Lorraine’s personal PPS story was recently added to the PolioToday.org website http://poliotoday.org/?p=736. We searched Google for a photo of Sister Kenny, but could only find one photo. Let us know if you have additional pix!
We talked about pain management, prescription drugs versus natural remedies, and the use of magnesium with vitamins to handle leg cramps. This led to a discussion of high energy drinks to combat fatigue. We went to the website for “5-Hour Energy Drink.” The list of power-packing nutrients is long – how can they pack all that in there? Several websites discuss the product, and caution against Vitamin B overdosing, especially for people who are already high caffeine users.
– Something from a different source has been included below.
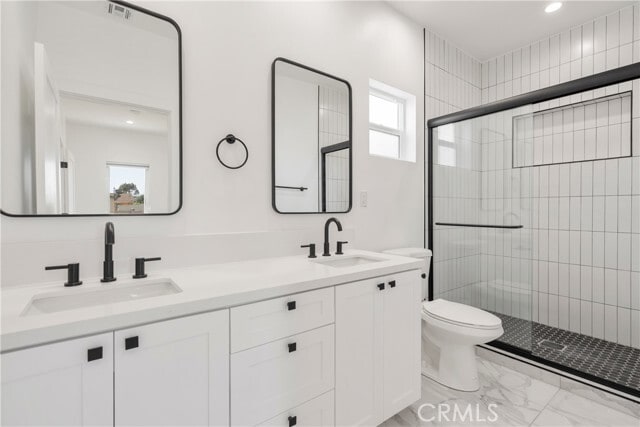 Building Photo - 2338 Cloverdale Ave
Read the review at: http://www.pain4glory.com/5-hour-energy-drink/
Pain and fatigue are some of our biggest issues. An occasional energy booster may have its value, but remember that with energy comes that fun thing called “getting things done” – you get the picture, right? Use moderation. Don’t push past your limits. That’s one way we got where we are today, which fulfilled us in some areas, but also helped to aggravate our bodies into the PPS we have today.
Edward told us of his PPS-savvy doctor at Riverside Medical Clinic. Dr. Michael Saito, Pediatric and Adult Neurology, was an associate of Dr. Susan Perlman (UCLA), and is not just PPS-sympathetic, but PPS-knowledgeable as well. Ten years ago he told Edward to retire in order to avoid aggravating his post-polio condition. Edward was able to get SSD based on post-polio without a hassle.
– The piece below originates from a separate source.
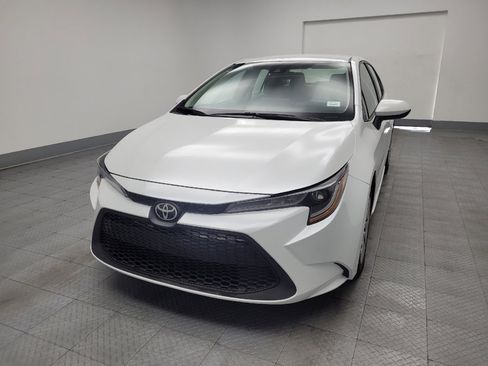 Used 2022 Toyota Corolla LE image 15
Next meeting - We decided that our normal December date falls too close to Christmas this year, so we are moving it up a week.
Riverside Holiday Party Saturday December 11 (not 18) – Holiday feast and atmosphere. RSVP doesn’t have to be definite, and potluck is optional. We’d love to hear from you. Time 11am to 1pm, 3465 Ramona Dr, Riverside 92506.
(951) 788-9310. PPSRiverside@aol.com
Reported by Judy Mahoney
____The next Riverside PPSG meeting:____
December 11
Holiday Party
______________________________________
Riverside PPSG Meetings: third Saturday of even # months at 11 AM.
at the home of Bryan & Judy Mahoney, 3465 Ramona Drive, Riverside CA.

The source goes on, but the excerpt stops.